Cerium(IV) hydroxide, also known as ceric hydroxide, is an inorganic compound with the chemical formula Ce(OH)4. It is a yellowish powder that is insoluble in water but soluble in concentrated acids.

Production
Cerium(IV) hydroxide can be produced by reacting cerium(III) carbonate and acetic acid, then oxidizing it with hydrogen peroxide in base.
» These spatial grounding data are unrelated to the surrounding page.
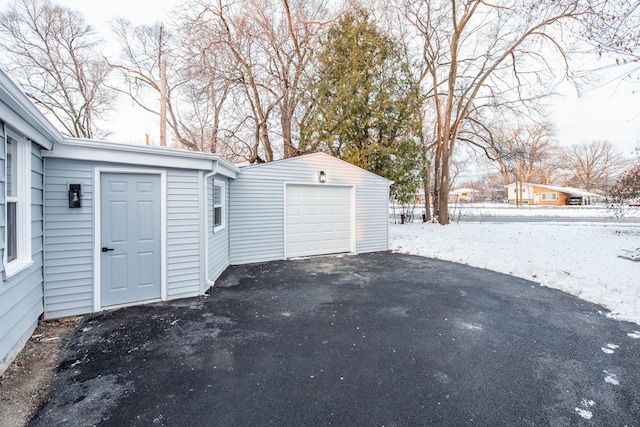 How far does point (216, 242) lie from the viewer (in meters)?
6.14

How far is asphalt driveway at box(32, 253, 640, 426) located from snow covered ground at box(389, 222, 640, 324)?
0.73 meters

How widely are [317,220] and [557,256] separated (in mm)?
6174

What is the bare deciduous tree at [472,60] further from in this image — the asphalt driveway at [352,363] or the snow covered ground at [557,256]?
the asphalt driveway at [352,363]

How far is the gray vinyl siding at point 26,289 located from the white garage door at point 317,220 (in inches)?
202

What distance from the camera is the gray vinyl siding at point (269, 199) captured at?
25.0 feet

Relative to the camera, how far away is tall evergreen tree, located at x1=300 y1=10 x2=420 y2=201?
11.5 m

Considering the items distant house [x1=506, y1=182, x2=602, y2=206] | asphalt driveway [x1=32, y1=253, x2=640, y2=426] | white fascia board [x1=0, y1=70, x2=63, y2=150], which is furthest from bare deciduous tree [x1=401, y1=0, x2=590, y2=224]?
distant house [x1=506, y1=182, x2=602, y2=206]

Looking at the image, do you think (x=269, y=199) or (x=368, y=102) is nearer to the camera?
(x=269, y=199)

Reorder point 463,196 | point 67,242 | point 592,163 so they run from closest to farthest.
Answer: point 67,242 < point 592,163 < point 463,196

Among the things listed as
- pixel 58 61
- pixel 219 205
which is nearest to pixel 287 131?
pixel 219 205

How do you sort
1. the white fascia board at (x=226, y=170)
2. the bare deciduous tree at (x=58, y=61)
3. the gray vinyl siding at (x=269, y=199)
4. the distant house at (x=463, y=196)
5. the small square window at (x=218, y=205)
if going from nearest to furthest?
the white fascia board at (x=226, y=170)
the small square window at (x=218, y=205)
the gray vinyl siding at (x=269, y=199)
the bare deciduous tree at (x=58, y=61)
the distant house at (x=463, y=196)

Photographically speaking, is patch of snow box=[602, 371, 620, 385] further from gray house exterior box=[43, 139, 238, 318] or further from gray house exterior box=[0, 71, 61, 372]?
gray house exterior box=[0, 71, 61, 372]

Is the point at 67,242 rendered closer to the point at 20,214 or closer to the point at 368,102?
the point at 20,214

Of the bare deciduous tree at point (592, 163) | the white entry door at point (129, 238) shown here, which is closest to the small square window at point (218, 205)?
the white entry door at point (129, 238) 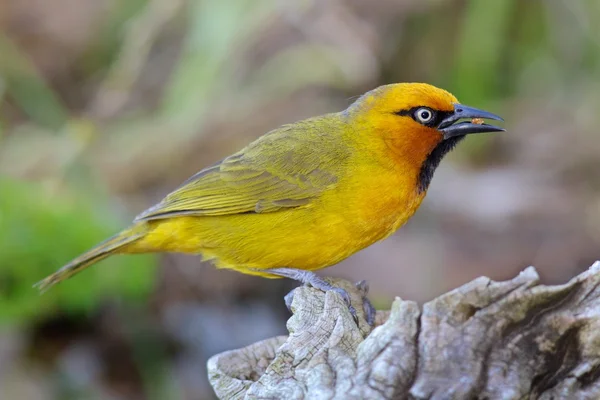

The reactions are:
 Ce2(CO3)3 + 6 CH3COOH → 2 Ce(CH3COO)3 + 3 CO2↑ + 3 H2O
 2 Ce(CH3COO)3 + 3 H2O2 + 4 H2O → 2 Ce(OH)3(OOH) + 6 CH3COOH
 CH3COOH + NaOH → CH3COONa + H2O
 2 Ce(OH)3(OOH) → 2 Ce(OH)4↓ + O2↑
The net equation is：
 Ce2(CO3)3 + 6 CH3COOH + 3 H2O2 + 6 NaOH —343 K→ 2 Ce(OH)4 + 6 CH3COONa + O2↑ + 3 CO2↑ + 5 H2O
If using cerium(III) nitrate as ingredient,  a similar reaction occurs:
 2 Ce(NO3)3 + 3 H2O2 + 6 NH3·H2O → 2 Ce(OH)3(OOH)↓ + 6 NH4NO3 + 2 H2O
 Ce(OH)3(OOH) —Δ→ 2 Ce(OH)4↓ + O2↑
It might also prepared by addition of sodium hydroxide or ammonium hydroxide to a Ce4+ solution, being obtained as a gelatinous precipitate described as CeO2·xH2O, (x = 0.5–2). Boiling an insoluble Ce4+ salt in NaOH gives granular Ce(OH)4.